### Work order:
Output exactly the lines below, starting with the line that has "Andi Ankle Wide-Leg Jeans Raven - Image 2" and going on through the line that has "Terrace/patio - Soho Hotel (Barcelona)", both included, and no other lines.

(Record extracts begins)

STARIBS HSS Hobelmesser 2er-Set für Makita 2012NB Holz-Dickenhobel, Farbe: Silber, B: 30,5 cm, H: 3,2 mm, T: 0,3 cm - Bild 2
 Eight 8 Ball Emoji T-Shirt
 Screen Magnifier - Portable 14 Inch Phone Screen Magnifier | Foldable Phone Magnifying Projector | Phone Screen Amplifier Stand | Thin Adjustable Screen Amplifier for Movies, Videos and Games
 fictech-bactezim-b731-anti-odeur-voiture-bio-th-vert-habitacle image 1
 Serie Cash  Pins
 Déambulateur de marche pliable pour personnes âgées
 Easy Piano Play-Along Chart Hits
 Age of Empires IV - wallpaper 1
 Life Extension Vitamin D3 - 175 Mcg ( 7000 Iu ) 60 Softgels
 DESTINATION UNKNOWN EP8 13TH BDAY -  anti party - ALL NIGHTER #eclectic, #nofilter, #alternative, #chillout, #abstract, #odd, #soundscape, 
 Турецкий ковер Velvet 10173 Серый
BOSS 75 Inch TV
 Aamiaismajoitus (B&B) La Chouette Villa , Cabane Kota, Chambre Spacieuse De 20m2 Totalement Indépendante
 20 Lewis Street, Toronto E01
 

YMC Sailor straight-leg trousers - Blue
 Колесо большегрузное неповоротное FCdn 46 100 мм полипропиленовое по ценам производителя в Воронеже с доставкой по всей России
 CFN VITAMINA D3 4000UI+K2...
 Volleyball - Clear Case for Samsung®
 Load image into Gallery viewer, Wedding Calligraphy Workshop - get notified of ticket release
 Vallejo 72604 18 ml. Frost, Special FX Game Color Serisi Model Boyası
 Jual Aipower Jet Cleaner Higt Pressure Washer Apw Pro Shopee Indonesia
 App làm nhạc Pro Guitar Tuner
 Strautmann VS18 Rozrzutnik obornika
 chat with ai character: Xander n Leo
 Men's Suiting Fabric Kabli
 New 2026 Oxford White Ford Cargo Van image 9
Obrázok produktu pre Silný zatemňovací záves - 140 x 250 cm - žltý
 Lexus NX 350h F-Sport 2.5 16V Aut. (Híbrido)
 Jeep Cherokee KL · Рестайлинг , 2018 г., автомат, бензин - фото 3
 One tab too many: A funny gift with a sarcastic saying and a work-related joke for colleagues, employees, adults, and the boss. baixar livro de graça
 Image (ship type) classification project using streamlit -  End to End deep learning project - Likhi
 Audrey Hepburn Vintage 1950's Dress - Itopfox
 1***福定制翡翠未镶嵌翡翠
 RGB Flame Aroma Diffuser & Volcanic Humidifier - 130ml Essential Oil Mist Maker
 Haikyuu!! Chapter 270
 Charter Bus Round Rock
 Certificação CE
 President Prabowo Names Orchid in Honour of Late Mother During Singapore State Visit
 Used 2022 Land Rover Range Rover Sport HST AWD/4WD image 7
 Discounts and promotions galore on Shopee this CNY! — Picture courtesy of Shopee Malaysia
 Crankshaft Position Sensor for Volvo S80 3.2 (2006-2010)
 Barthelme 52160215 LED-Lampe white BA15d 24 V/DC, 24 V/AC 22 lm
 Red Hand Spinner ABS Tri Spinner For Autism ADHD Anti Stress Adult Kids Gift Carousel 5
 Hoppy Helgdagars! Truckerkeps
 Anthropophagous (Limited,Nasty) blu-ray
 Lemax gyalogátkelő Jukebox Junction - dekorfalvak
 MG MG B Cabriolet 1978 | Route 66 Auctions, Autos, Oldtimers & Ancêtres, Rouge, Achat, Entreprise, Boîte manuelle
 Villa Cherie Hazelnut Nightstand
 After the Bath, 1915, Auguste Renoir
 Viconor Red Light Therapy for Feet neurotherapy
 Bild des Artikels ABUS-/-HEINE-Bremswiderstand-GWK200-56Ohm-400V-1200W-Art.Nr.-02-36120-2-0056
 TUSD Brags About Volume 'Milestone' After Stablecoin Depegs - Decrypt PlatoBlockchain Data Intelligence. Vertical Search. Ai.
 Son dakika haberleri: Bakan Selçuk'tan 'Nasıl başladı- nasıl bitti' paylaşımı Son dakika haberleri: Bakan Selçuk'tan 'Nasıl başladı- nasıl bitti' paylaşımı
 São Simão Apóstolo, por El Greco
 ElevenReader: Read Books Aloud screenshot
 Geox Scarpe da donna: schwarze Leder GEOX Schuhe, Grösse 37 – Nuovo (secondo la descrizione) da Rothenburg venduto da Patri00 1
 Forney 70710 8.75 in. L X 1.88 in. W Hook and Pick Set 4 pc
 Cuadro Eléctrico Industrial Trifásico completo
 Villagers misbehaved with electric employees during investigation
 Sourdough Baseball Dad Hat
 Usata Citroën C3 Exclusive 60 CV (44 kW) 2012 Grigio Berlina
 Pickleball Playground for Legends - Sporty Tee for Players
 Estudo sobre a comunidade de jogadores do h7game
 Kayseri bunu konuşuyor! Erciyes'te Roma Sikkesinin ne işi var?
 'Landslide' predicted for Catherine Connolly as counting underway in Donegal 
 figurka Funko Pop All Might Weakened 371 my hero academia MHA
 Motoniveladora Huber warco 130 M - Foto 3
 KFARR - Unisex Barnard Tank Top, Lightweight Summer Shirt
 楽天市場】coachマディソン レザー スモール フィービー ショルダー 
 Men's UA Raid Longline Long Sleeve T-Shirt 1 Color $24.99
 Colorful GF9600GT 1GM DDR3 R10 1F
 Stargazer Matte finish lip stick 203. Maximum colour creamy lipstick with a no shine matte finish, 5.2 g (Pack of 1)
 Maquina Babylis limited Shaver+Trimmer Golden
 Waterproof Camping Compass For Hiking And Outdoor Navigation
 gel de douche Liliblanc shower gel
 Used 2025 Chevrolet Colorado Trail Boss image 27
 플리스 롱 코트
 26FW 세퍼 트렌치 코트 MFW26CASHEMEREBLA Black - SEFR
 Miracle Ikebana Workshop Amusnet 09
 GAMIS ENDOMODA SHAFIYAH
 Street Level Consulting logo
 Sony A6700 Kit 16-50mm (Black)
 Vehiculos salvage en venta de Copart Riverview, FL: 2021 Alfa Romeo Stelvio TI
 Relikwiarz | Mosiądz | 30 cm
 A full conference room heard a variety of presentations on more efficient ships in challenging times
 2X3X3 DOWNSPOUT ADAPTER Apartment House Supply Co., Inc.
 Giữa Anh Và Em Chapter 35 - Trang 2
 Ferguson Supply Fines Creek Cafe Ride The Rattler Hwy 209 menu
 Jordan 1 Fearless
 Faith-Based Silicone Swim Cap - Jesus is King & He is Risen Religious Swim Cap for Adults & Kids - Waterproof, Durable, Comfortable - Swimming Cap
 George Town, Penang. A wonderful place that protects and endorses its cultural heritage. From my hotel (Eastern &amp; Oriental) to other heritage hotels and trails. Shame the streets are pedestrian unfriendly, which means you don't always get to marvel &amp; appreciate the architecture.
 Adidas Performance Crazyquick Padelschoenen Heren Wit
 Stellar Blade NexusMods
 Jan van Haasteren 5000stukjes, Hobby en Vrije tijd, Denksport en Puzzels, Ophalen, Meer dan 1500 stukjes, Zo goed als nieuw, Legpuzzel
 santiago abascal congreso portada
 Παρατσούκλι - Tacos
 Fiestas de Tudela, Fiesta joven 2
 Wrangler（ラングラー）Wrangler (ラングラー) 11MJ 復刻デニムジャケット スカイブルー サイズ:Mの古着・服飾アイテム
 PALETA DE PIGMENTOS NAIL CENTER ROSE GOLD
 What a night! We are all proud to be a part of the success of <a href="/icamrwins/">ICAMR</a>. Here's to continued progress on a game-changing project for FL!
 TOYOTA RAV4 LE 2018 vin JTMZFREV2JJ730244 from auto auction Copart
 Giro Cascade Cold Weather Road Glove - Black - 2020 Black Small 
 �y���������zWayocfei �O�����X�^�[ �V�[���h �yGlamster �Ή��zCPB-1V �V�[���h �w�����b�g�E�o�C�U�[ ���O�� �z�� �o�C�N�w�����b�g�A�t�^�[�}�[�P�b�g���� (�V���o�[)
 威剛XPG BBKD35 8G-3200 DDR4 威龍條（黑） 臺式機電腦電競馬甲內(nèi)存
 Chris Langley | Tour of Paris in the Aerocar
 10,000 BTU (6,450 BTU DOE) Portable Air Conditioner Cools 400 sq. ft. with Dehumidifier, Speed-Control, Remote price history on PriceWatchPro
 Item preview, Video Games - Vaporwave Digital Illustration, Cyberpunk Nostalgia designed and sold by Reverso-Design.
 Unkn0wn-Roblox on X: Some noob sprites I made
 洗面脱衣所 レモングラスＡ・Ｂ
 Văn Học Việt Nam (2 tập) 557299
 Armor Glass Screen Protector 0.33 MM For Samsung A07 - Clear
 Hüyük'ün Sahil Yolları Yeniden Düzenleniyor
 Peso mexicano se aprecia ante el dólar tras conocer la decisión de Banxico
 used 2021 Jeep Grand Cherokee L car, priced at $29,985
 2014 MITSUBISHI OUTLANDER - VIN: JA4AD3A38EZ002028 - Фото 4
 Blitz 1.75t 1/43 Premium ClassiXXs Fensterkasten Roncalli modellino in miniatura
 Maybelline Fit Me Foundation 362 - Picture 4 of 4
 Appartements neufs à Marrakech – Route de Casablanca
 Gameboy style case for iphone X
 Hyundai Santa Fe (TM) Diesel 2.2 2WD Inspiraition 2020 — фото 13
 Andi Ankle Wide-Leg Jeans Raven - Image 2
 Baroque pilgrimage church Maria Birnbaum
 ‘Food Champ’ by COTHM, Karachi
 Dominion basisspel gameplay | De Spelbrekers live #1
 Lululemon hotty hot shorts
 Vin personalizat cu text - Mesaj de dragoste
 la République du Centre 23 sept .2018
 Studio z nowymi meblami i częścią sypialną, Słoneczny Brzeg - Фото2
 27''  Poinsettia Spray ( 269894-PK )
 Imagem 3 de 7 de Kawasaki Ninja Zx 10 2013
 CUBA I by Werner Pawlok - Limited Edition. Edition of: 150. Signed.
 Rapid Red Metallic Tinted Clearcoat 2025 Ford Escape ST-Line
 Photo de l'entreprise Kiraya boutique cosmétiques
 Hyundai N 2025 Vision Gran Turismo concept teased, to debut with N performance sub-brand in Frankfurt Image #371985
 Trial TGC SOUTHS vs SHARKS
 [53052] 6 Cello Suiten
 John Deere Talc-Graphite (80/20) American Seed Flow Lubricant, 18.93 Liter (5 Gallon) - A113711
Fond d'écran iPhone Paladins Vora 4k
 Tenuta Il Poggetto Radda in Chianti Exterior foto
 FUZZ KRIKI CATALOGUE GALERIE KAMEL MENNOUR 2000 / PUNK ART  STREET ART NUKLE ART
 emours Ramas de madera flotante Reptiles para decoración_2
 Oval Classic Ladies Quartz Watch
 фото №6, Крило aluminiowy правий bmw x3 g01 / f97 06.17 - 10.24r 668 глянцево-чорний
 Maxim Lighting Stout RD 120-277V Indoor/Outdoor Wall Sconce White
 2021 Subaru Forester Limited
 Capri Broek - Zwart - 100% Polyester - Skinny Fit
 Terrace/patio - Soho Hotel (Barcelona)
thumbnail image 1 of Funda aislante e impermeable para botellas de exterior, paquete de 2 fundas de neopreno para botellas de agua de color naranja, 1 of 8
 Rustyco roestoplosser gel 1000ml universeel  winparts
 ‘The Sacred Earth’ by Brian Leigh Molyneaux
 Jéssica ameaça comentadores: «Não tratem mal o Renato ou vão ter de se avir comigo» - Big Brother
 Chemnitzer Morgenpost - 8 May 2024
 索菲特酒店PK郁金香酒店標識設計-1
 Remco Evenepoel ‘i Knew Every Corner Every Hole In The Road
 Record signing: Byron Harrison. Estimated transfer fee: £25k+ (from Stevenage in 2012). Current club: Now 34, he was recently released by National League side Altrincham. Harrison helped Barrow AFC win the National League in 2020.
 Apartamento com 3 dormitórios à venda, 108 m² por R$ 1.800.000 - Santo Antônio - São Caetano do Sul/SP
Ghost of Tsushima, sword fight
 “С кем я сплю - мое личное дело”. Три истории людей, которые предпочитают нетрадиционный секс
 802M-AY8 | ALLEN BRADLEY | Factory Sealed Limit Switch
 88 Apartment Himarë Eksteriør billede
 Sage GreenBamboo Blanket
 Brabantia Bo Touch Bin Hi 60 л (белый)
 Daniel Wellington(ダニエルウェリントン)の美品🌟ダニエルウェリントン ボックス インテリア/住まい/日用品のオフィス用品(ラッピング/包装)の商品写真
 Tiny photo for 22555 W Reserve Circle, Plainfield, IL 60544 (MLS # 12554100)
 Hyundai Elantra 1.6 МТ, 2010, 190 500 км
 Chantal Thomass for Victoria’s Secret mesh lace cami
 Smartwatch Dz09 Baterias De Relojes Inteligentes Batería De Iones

(Record extracts ends)

### Task result:
 Andi Ankle Wide-Leg Jeans Raven - Image 2
 Baroque pilgrimage church Maria Birnbaum
 ‘Food Champ’ by COTHM, Karachi
 Dominion basisspel gameplay | De Spelbrekers live #1
 Lululemon hotty hot shorts
 Vin personalizat cu text - Mesaj de dragoste
 la République du Centre 23 sept .2018
 Studio z nowymi meblami i częścią sypialną, Słoneczny Brzeg - Фото2
 27''  Poinsettia Spray ( 269894-PK )
 Imagem 3 de 7 de Kawasaki Ninja Zx 10 2013
 CUBA I by Werner Pawlok - Limited Edition. Edition of: 150. Signed.
 Rapid Red Metallic Tinted Clearcoat 2025 Ford Escape ST-Line
 Photo de l'entreprise Kiraya boutique cosmétiques
 Hyundai N 2025 Vision Gran Turismo concept teased, to debut with N performance sub-brand in Frankfurt Image #371985
 Trial TGC SOUTHS vs SHARKS
 [53052] 6 Cello Suiten
 John Deere Talc-Graphite (80/20) American Seed Flow Lubricant, 18.93 Liter (5 Gallon) - A113711
Fond d'écran iPhone Paladins Vora 4k
 Tenuta Il Poggetto Radda in Chianti Exterior foto
 FUZZ KRIKI CATALOGUE GALERIE KAMEL MENNOUR 2000 / PUNK ART  STREET ART NUKLE ART
 emours Ramas de madera flotante Reptiles para decoración_2
 Oval Classic Ladies Quartz Watch
 фото №6, Крило aluminiowy правий bmw x3 g01 / f97 06.17 - 10.24r 668 глянцево-чорний
 Maxim Lighting Stout RD 120-277V Indoor/Outdoor Wall Sconce White
 2021 Subaru Forester Limited
 Capri Broek - Zwart - 100% Polyester - Skinny Fit
 Terrace/patio - Soho Hotel (Barcelona)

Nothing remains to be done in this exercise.